> _What is expected_
Starting at the line that contains "Light shines through" in the listing below, write out every line word for word until you have written the line that contains "Summer men's perforated".

> _Records shown_
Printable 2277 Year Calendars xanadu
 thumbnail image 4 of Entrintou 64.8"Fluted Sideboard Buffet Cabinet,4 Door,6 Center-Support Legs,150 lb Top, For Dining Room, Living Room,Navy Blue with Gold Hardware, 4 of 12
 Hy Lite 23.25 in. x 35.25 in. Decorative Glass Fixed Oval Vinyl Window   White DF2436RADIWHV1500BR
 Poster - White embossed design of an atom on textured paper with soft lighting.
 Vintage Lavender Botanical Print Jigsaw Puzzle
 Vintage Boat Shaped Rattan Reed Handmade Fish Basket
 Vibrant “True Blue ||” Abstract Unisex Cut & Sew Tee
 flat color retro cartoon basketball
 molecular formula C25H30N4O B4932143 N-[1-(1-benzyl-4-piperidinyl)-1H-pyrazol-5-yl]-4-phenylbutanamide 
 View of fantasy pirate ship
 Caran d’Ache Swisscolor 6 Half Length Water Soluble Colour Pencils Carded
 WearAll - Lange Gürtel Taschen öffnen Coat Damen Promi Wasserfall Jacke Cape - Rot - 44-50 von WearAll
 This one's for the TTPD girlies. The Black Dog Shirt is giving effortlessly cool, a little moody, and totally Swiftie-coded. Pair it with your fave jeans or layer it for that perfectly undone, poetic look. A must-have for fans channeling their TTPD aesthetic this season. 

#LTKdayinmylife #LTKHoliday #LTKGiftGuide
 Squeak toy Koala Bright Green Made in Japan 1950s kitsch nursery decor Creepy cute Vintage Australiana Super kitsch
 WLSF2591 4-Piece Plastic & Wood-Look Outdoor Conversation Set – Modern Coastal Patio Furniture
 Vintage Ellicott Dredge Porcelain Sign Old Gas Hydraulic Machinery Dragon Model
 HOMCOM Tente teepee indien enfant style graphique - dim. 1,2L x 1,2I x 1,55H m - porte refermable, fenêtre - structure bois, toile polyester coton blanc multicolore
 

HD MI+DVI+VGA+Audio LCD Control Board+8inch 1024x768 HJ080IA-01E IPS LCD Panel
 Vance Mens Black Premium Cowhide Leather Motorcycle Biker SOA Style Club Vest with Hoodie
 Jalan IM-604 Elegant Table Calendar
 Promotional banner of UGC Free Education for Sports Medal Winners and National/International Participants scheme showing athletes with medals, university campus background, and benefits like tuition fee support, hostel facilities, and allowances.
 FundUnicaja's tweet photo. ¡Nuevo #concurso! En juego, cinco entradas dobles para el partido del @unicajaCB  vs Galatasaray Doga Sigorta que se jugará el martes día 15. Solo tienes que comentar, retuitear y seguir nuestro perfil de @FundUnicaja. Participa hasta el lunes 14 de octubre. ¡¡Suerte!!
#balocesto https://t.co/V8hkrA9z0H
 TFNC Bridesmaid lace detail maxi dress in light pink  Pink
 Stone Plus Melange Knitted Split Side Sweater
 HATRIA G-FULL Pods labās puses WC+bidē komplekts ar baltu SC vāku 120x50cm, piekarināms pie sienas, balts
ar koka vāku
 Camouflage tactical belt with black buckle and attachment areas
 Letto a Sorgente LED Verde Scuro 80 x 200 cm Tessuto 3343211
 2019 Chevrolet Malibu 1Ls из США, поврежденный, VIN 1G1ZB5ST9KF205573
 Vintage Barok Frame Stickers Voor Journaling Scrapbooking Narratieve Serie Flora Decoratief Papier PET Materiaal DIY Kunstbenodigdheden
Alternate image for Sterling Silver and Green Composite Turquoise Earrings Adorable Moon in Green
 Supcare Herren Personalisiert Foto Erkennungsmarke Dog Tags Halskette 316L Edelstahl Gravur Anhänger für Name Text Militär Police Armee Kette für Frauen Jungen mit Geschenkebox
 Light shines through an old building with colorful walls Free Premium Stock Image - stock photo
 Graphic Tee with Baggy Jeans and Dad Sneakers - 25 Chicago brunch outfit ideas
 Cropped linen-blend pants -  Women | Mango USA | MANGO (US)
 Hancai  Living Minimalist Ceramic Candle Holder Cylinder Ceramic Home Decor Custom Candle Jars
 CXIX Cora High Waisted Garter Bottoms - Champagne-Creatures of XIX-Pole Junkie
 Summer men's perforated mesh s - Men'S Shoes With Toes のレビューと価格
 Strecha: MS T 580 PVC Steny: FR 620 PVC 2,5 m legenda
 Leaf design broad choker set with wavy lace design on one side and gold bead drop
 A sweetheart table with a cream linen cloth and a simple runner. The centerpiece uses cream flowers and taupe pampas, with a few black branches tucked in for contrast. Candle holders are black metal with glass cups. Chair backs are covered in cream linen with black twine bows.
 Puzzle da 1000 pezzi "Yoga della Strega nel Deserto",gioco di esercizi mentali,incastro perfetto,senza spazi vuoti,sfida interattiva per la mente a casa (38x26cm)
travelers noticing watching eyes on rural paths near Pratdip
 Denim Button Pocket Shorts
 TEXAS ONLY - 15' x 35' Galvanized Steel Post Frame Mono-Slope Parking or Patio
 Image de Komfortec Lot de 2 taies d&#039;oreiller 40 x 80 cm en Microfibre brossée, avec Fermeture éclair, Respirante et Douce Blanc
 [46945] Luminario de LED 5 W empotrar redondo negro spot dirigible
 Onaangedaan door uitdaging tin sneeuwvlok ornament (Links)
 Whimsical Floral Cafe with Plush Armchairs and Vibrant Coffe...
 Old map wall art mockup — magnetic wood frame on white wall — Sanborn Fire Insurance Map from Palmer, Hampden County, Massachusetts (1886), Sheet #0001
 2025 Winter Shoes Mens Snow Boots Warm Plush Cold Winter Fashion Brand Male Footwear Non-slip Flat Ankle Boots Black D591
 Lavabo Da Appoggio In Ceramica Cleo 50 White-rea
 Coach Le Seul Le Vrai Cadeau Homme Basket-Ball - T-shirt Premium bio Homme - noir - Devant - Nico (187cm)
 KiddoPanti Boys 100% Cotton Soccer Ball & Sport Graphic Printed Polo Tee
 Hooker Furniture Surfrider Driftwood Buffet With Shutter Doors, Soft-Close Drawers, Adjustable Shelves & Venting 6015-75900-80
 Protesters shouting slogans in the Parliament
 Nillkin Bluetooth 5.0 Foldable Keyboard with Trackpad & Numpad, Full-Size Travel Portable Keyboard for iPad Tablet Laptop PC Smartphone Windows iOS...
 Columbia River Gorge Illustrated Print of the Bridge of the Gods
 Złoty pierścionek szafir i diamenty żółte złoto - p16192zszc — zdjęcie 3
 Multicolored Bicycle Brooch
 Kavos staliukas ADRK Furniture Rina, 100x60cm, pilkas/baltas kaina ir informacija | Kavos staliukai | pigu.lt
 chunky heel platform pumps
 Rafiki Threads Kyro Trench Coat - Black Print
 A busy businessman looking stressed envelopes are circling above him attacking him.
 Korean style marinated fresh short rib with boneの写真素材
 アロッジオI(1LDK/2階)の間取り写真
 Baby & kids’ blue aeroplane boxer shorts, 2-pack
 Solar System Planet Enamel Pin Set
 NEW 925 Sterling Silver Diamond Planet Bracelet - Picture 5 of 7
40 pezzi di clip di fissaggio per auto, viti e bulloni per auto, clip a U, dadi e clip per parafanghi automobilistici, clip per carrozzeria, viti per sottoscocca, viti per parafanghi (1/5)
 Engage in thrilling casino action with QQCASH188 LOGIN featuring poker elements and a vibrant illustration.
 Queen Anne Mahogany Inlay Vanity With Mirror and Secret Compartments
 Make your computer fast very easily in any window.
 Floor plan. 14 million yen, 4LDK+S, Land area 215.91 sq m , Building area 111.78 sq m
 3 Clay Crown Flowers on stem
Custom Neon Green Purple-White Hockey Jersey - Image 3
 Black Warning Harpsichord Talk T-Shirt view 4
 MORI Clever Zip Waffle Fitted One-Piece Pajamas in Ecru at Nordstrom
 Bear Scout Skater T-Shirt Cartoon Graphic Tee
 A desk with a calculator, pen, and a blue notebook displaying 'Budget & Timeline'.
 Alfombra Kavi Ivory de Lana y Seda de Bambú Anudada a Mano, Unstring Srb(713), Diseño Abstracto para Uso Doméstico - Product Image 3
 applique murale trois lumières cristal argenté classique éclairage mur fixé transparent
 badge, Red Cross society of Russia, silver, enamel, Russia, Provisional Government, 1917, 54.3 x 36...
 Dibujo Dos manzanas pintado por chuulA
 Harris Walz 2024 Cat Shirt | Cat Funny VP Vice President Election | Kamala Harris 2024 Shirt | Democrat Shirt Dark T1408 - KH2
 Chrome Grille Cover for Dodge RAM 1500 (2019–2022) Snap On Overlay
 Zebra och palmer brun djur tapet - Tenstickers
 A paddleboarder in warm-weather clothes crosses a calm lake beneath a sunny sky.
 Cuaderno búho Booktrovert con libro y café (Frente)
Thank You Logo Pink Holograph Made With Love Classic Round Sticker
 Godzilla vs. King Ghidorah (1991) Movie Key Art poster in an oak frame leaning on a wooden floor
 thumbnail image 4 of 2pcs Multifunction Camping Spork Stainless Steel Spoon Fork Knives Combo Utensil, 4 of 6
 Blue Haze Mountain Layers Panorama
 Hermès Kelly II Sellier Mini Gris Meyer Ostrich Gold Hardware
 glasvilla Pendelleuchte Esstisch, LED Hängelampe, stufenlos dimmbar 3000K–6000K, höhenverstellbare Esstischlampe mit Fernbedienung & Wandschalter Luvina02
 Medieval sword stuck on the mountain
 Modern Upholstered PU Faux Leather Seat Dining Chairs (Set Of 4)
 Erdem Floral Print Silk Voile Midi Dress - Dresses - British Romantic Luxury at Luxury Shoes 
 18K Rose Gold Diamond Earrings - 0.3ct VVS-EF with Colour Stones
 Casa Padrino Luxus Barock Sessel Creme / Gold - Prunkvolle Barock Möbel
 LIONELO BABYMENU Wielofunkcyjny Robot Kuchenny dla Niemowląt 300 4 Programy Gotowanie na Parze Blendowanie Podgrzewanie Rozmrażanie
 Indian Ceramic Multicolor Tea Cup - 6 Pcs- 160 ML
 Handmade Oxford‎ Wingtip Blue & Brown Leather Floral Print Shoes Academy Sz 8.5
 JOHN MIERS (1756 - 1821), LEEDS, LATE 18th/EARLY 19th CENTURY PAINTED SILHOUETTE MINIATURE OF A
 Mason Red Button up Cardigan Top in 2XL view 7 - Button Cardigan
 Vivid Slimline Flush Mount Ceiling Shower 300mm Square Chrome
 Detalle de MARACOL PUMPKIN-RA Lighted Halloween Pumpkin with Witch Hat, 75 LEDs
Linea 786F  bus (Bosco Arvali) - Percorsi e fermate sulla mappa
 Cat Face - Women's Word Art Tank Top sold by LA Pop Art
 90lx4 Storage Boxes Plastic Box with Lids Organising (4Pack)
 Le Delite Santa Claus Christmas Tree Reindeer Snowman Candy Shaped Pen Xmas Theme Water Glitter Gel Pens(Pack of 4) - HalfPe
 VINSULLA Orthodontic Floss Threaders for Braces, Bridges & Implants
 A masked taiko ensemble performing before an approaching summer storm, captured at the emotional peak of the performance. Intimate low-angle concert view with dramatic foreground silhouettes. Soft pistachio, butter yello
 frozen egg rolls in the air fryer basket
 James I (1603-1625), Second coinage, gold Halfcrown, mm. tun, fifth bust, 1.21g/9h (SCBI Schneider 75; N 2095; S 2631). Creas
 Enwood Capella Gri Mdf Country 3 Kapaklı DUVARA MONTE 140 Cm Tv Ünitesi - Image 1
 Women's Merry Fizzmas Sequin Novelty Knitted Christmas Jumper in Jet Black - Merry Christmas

> _Task answer_
 Light shines through an old building with colorful walls Free Premium Stock Image - stock photo
 Graphic Tee with Baggy Jeans and Dad Sneakers - 25 Chicago brunch outfit ideas
 Cropped linen-blend pants -  Women | Mango USA | MANGO (US)
 Hancai  Living Minimalist Ceramic Candle Holder Cylinder Ceramic Home Decor Custom Candle Jars
 CXIX Cora High Waisted Garter Bottoms - Champagne-Creatures of XIX-Pole Junkie
 Summer men's perforated mesh s - Men'S Shoes With Toes のレビューと価格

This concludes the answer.